Classical Chinese poetry and painting represent an important part of the world’s cultural heritage, offering a window into ancient Chinese aesthetics, philosophy, and values. The interplay between these two art forms has fascinated artists and scholars for centuries, with paintings often inspired by and embodying the imagery and sentiments expressed in poems. Generating pictorial illustrations of classical Chinese poetry, therefore, presents an intriguing challenge for computational creativity.

The primary characteristic of classical Chinese poetry is highly symbolic and abstract language, where the poet often seeks to evoke a mood or convey a profound meaning through succinct and vivid imagery. This is in contrast to the more descriptive style of most existing datasets used for text-to-image synthesis, such as MSCOCO [1] and CUB [2]. The artistic style and visual elements in classical Chinese paintings are also quite distinct from photorealistic images. As such, directly applying models trained on natural images and descriptions to the poem-to-painting domain yields unsatisfactory results, as they fail to capture the implicit alignment of abstract concepts.

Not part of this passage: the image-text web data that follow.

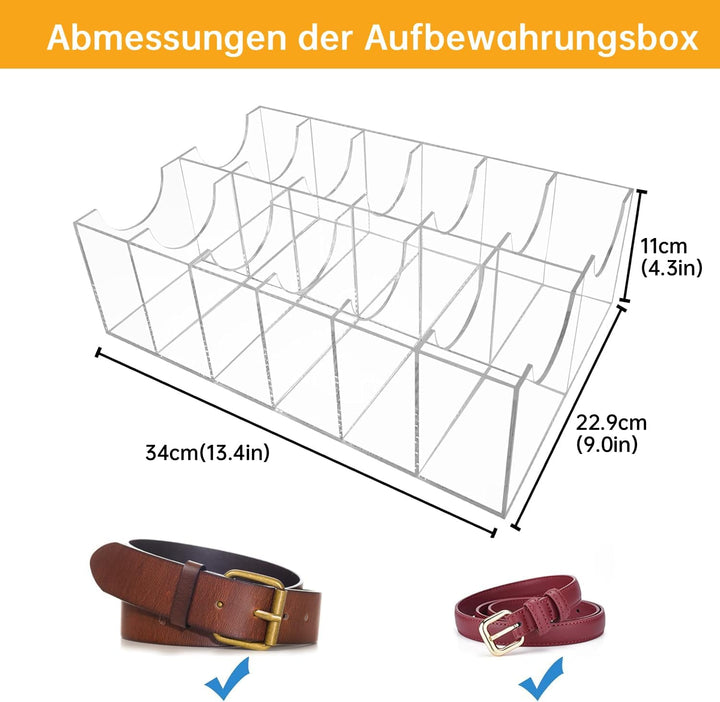12 Gürtel Aufbewahrung, gürtel aufbewahrung für Herren, Gürtel Organizer Acryl Transparente Gürtel-V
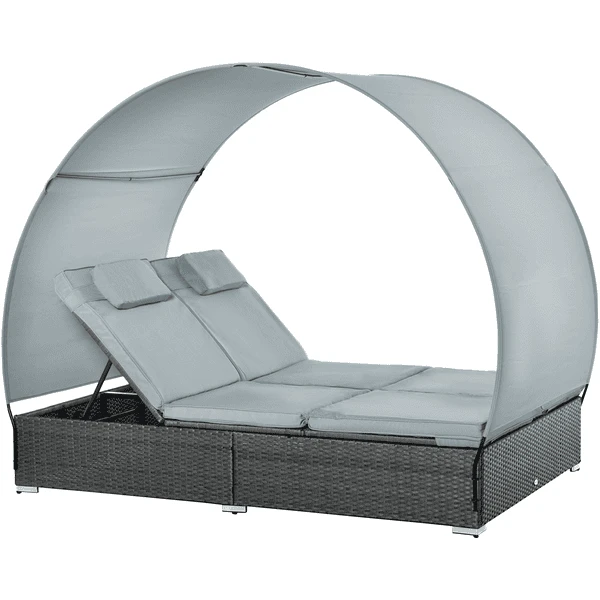 Outsunny Doppelliege Mit Sonnendach Grau 1 Outsunny Doppelliege Mit Sonnendach Grau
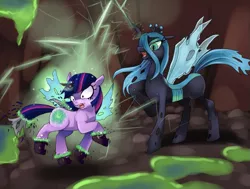 Size: 779x589 | Tagged: artist:hymlpr, changeling, changelingified, dead source, derpibooru import, open mouth, queen chrysalis, safe, species swap, transformation, twilight sparkle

Another significant challenge is the lack of large-scale paired training data. While millions of poems and paintings from ancient China are preserved, the number of poems with explicitly corresponding paintings is quite limited. Most existing cross-modal translation approaches rely on supervised learning from paired data, which is infeasible in this low-resource setting. There is a need for techniques that can effectively learn from both the small number of paired examples and the larger unpaired corpus.

Refer to caption
Figure 1: The framework of the proposed semi-supervised framework.

To address these challenges, we propose a semi-supervised framework for classical Chinese poem-to-painting translation using cycle-consistent adversarial networks. Our approach is inspired by unsupervised image-to-image translation [3], which learns bidirectional mappings to enforce cycle consistency. As shown in Fig.1, we extend this idea to the cross-modal setting by introducing poem and painting encoders that map into a shared semantic space, and corresponding generators that decode from this space. The encoders and generators are trained with both adversarial and cycle consistency losses, ensuring that the generated paintings and poems are realistic and faithful in reconstruction. The use of a shared latent space encourages the network to learn a semantic alignment between the visual and textual modalities.

To our knowledge, ours is the first work to explore semi-supervised poem-to-painting translation with explicit cycle consistency. The main contributions are summarized as follows:

  • We propose a semi-supervised framework for Chinese poem-to-painting translation using cycle-consistent adversarial networks, which enables the joint learning from both paired and unpaired data.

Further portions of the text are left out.